Atomically thin hexagonal boron nitride probed by ultrahigh-resolution transmission electron microscopy

We present a method to prepare monolayer and multilayer suspended sheets of hexagonal boron nitride (h-BN), using a combination of mechanical exfoliation and reactive ion etching. Ultrahigh-resolution transmission electron microscope imaging is employed to resolve the atoms, and intensity profiles for reconstructed phase images are used to identify the chemical nature (boron or nitrogen) of every atom throughout the sample.
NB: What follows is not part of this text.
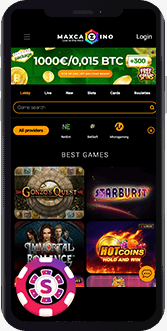 MaxCazino mobile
Reconstructed phase images are distinctly different for h-BN multilayers of even or odd number. Unusual triangular defects and zigzag and armchair edge reconstructions are uniquely identified and characterized.

Figure 1

(Color online) Boron nitride hexagonal lattice. Boron nitride maintains an $AAA$ stacking where boron and nitrogen atoms are alternately stacked on top of each other.

Figure 2

(Color online) Atomic structure of a one- to four-layer BN with its thickness map. (a) High resolution TEM image of BN. (b) The color gradient BN reconstructed phase image shown in (a). (c) A thickness map indicating the number of layers in boron nitride imaged here. The scale bar is 2 nm in this figure.

Figure 3

(Color online) The image of the sum of 20 unit cells in a one- to four-layer BN and its intensity line profile. (a) The resulting images from the summation of 20 unit cells in a one- to four-layer BN. The scale bar shows $1.5\text{Å}$. (b) The intensity line profile from the unit-cell images previously shown in (a). (c) A model for the edge-on structure of BN lattice with its mean atomic projected potential (shown on top of the lattice). (d) The simulated intensity modulations in an exit wave phase image for a single- to four-layer area in BN.

Figure 4

(Color online) Lattice structure in a monolayer of BN. (a) Reconstructed phase image of BN with a triangular monovacancy and a large vacancy previously pointed to by arrows in Fig. 2a. (b) A model indicating the position of boron and nitrogen atoms in the monolayer BN. This model shows the monovacancy to form as a result of a boron atom missing and the edges to be nitrogen terminating zigzag edges. (c) A model showing the boron and nitrogen atom positions in the large vacancy at the lower left side in (a). The scale bar is 1 nm.

Figure 5

(Color online) HRTEM image of BN sheet at the edge. BN sheets show both (a) zigzag and (b) armchair edges. The scale bar is 1 nm.